Every week, Jews break away from their individual, busy work lives and enter into a spiritual together time with their loved ones and friends. The Jewish Day of Rest, Shabbat in Hebrew, begins on Friday at sundown and ends on Saturday at nightfall. Tables are set with tablecloths, good dishes, candles, wine and challah loaves. And everyone sits down together to fill up on the good things in life, reconnecting with their children, seeing family, and enjoying good food.
Some people love the simplicity and predictability of serving the same menu for their Shabbat meals week after week. Others like to try out special new recipes or showcase seasonal produce in honor of the Jewish Sabbath. While some people spend hours in the kitchen preparing for Shabbat, others need practical shortcuts for making a great meal without a huge time investment.
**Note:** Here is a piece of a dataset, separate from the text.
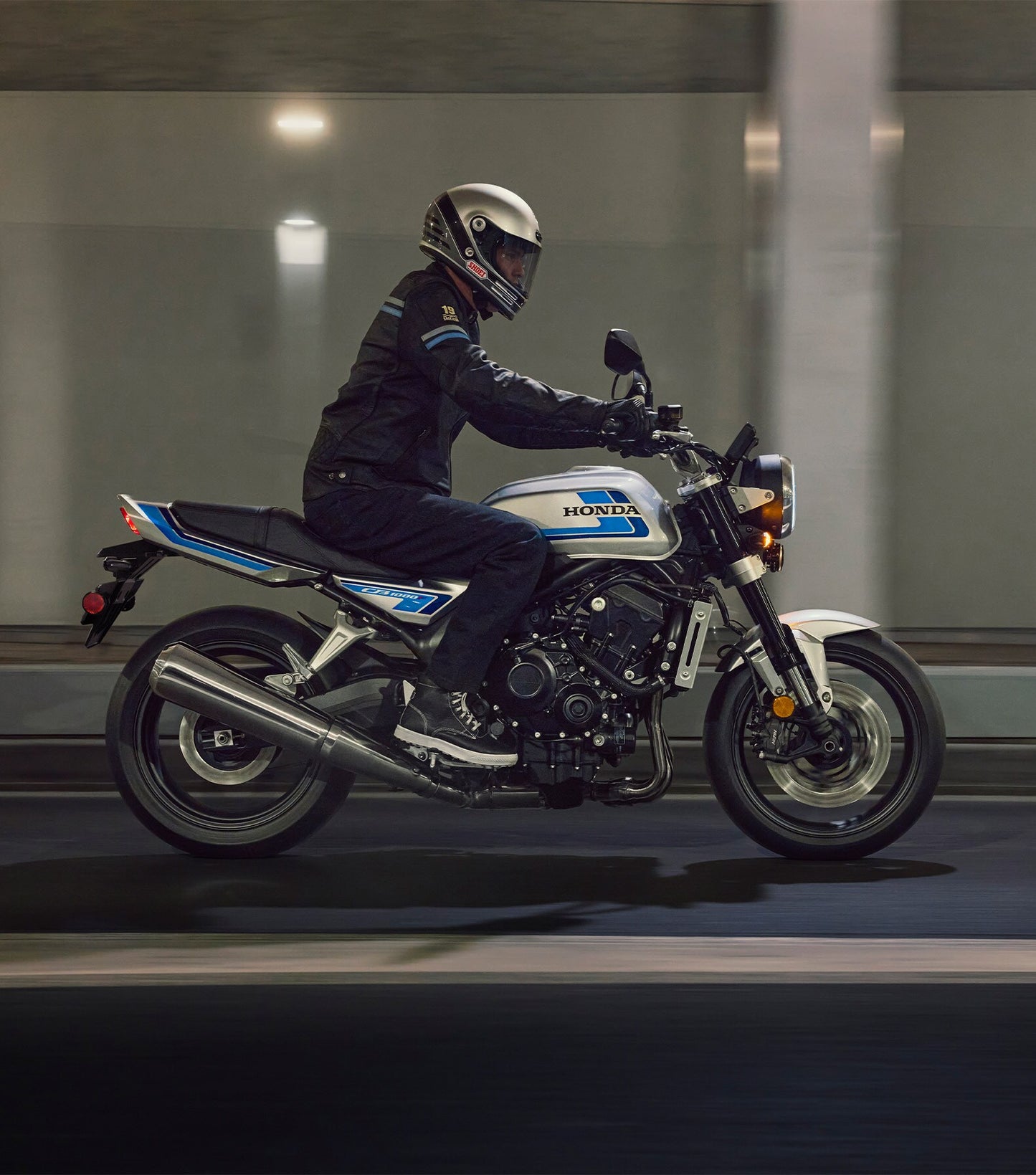 2026-CB1000F-Open-riding-position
Whatever camp you're in, you'll find menus and recipes to love in this collection of Shabbat menus and recipes.
Traditional Ashkenazi Sabbath Dinner
For Jews of Ashkenazi (Eastern European) descent, a traditional Friday night Sabbath dinner menu often includes a menu with homemade challah, gefilte fish, chicken soup, chicken, and asparagus.
Quick Sabbath Menus and Recipes for Busy Cooks
If your busy lifestyle makes it difficult to find the hours needed to prepare delicious home-cooked meals for the Sabbath or you feel especially rushed with Shabbat cooking during the winter when Shabbat starts early, don't worry. Try some quick Shabbat menus and recipes to help busy cooks prepare Shabbat meals for their families.
Shabbat Meals for a Crowd
If you are adding to your crowd with friends, neighbors, or any other guests, the preparation can get timely and expensive. In order to serve a large group of hungry people while staying within budget, use a low-cost Shabbat menu for a crowd. Some economical Sabbath menus are designed to satisfy big appetites without putting a big hole in your pocket.
Seasonal Sabbath Menus and Recipes
October is the official "After the Holidays" month. And after three weeks of holiday meals (from Rosh Hashanah through Simchat Torah), you may prefer to spend time in the gym rather than in the kitchen. Fall Shabbat menus include quick and easy recipes for Sabbath meals.
The cold hits in December, but winter still feels fresh and fun at this early date. Use a winter Shabbat menu that may include for creamy vegetable soup, savory roast chicken, side dishes that make the most of winter vegetables, and rich chocolate desserts.
In the spring and summer, you are probably looking for more light and festive Shabbat menus. A spring Sabbath menu could include grilled meat, barley and a variety of salads. In the summer, a Shabbat menu might include quick recipes for light dishes that won't have you slaving too long over a hot stove in the heat.